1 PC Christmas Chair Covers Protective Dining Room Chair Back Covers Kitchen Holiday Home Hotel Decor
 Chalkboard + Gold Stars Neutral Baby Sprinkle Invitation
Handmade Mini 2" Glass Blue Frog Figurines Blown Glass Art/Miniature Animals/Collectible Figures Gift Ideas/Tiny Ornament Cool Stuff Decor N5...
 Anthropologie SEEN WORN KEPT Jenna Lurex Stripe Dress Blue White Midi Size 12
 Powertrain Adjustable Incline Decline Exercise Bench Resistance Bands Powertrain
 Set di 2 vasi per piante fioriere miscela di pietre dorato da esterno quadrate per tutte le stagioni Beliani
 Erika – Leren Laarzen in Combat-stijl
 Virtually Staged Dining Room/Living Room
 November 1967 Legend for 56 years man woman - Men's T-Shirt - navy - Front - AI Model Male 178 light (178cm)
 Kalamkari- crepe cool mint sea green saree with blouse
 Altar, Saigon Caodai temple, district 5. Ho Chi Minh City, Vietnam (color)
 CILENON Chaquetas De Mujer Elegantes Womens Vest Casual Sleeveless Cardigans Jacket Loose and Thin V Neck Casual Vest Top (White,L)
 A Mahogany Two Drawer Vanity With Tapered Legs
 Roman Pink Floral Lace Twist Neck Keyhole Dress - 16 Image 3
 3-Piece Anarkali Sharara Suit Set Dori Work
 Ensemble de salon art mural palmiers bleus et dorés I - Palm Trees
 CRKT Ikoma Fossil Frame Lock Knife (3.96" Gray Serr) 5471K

**What this task involves**
Retype the data precisely.

**Expected answer**
1 PC Christmas Chair Covers Protective Dining Room Chair Back Covers Kitchen Holiday Home Hotel Decor
 Chalkboard + Gold Stars Neutral Baby Sprinkle Invitation
Handmade Mini 2" Glass Blue Frog Figurines Blown Glass Art/Miniature Animals/Collectible Figures Gift Ideas/Tiny Ornament Cool Stuff Decor N5...
 Anthropologie SEEN WORN KEPT Jenna Lurex Stripe Dress Blue White Midi Size 12
 Powertrain Adjustable Incline Decline Exercise Bench Resistance Bands Powertrain
 Set di 2 vasi per piante fioriere miscela di pietre dorato da esterno quadrate per tutte le stagioni Beliani
 Erika – Leren Laarzen in Combat-stijl
 Virtually Staged Dining Room/Living Room
 November 1967 Legend for 56 years man woman - Men's T-Shirt - navy - Front - AI Model Male 178 light (178cm)
 Kalamkari- crepe cool mint sea green saree with blouse
 Altar, Saigon Caodai temple, district 5. Ho Chi Minh City, Vietnam (color)
 CILENON Chaquetas De Mujer Elegantes Womens Vest Casual Sleeveless Cardigans Jacket Loose and Thin V Neck Casual Vest Top (White,L)
 A Mahogany Two Drawer Vanity With Tapered Legs
 Roman Pink Floral Lace Twist Neck Keyhole Dress - 16 Image 3
 3-Piece Anarkali Sharara Suit Set Dori Work
 Ensemble de salon art mural palmiers bleus et dorés I - Palm Trees
 CRKT Ikoma Fossil Frame Lock Knife (3.96" Gray Serr) 5471K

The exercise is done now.